Given the right circumstances, and depending on your perspective of morality, even the most brutal, coldblooded murders can be justified. Whether the murders come about as the result of a pre-emptive military invasion or crude blows from a heavy blade, the laws that govern the rest of society, they say, do not apply to “extraordinary people.”

This type of morality was explored in Fyodor Dostoevsky’s 1866 novel Crime and Punishment. Dostoevsky’s masterwork about an ax murderer named Raskolnikov was most recently adapted for the stage by Marilyn Campbell and Curt Columbus, debuting in Chicago a few years back. On Feb. 14, director Patrick Holland brings this adaptation to the Broadway Theatre Center’s Studio Theatre with Milwaukee Chamber Theatre.

Holland was introduced to the latest version of Crime and Punishment through Josh Schmidt, the sound designer for the original Chicago production. Holland first approached Cotter Smith of the Cornerstone Theatre Company with the idea of producing the Campbell/Columbus adaptation. Ultimately unable to stage the play with Cornerstone, the script eventually found a home with Milwaukee Chamber.

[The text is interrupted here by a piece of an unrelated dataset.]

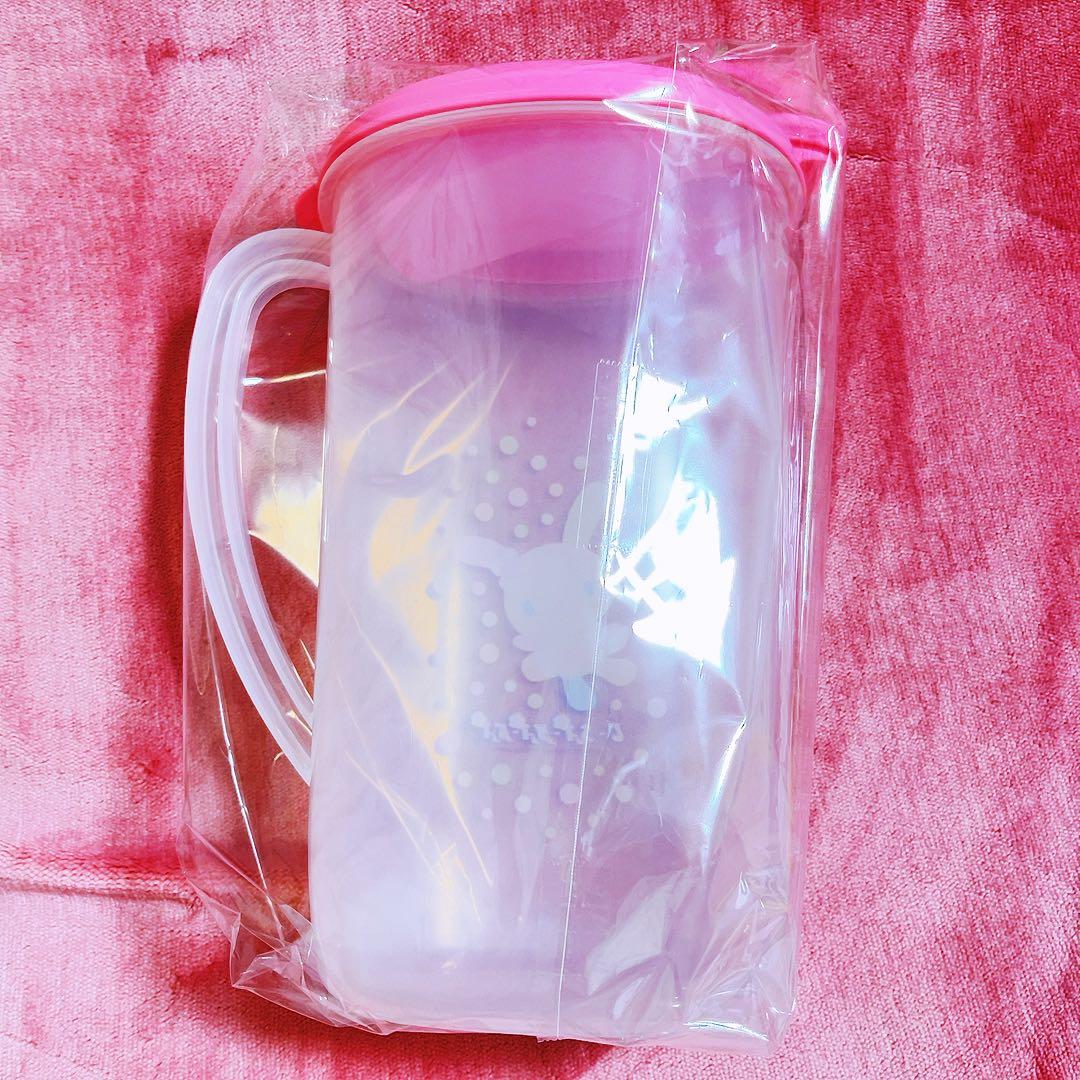 希少レア　ウサハナ　ふた付きどんぶり　ティーポット　平成レトロ　サンリオ　ウサギ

The adaptation has been praised in previous productions for editing down one of the most complex novels of the 20th century into a play that requires only three actors to perform the entire story in 90 minutes, without an intermission. Instead of focusing too specifically on cultural aspects of 19th-century Russia, Holland says the Milwaukee Chamber production plays up the universality of the story’s broader themes. We see the story from inside Raskolnikov’s mind. Holland compares the feeling onstage to TV’s “Law & Order” and the acclaimed Christopher Nolan film Memento, as mid-19thcentury Russia blurs into the human psyche.

Schmidt, who introduced the play to Holland, etches dark tones into the ambiance. Somewhere in the midst of it all is the distinct sound of a balalaika. In the Milwaukee Chamber production, Mic Matarrese plays Raskolnikov, a writer being questioned about two murdered women.

Milwaukee stage veteran Drew Brhel plays his interrogator, a police inspector named Porfiry. The talented Leah Dutchin, most recently seen in Next Act’s production of Paradise, plays several female roles.In the past, the adaptation has been criticized for not giving the actress much to do beyond reacting to the men, but Holland says this version of the script is much more balanced. The production does, in fact, show the murders. And being the only female in the cast, it’s inevitable that Dutchin will be playing the victims in flashback scenes. Holland describes the murders staged here as “snapshots” that are “very stylized.”

“When the ax comes out, it’s kind of a shock,” Holland says. Jokingly, he adds that Crime and Punishment, which opens on Valentine’s Day, should make for “a good date play.”